═════ Data extracts ═════

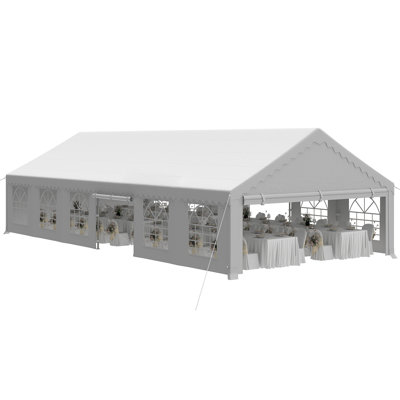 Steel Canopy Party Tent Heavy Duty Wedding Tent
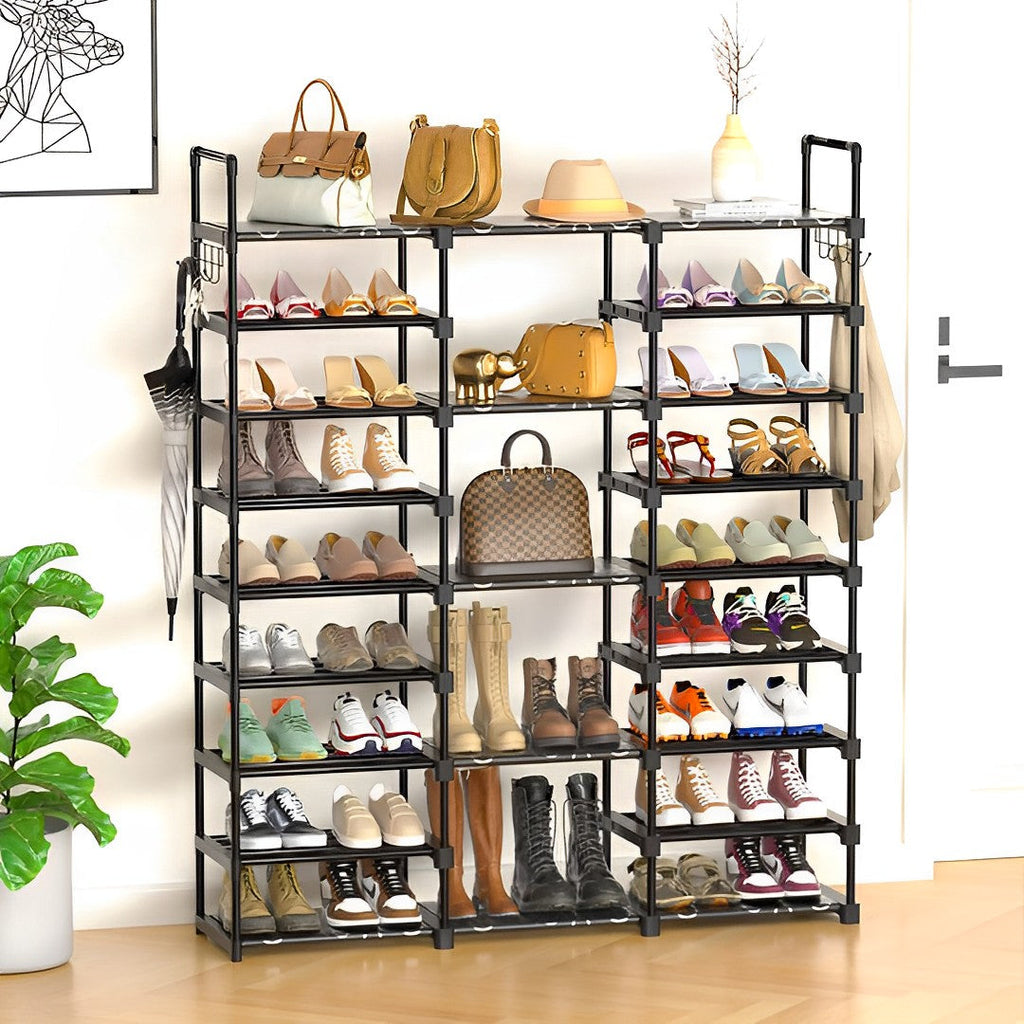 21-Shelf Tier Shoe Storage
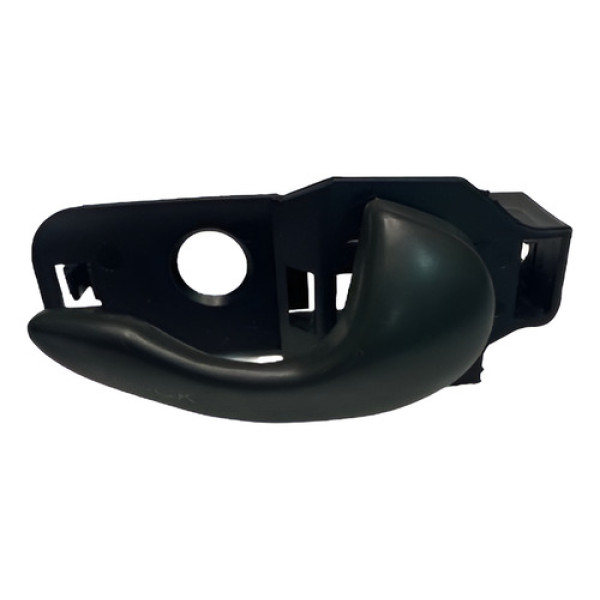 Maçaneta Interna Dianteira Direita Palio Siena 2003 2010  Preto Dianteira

═════
═════ Data extracts ═════

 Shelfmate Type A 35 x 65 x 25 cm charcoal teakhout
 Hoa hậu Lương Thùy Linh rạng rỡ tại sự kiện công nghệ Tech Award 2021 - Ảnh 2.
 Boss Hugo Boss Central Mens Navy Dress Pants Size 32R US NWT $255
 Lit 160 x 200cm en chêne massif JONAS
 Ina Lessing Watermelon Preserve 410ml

═════

:: Problem to work on ::
Give back precisely the lines above that start at the line containing "Lit 160 x 200cm en chêne massif JONAS" and end at the line containing "Ina Lessing Watermelon Preserve 410ml", inclusive. No other lines belong in the output.

:: Reply to the exercise ::
 Lit 160 x 200cm en chêne massif JONAS
 Ina Lessing Watermelon Preserve 410ml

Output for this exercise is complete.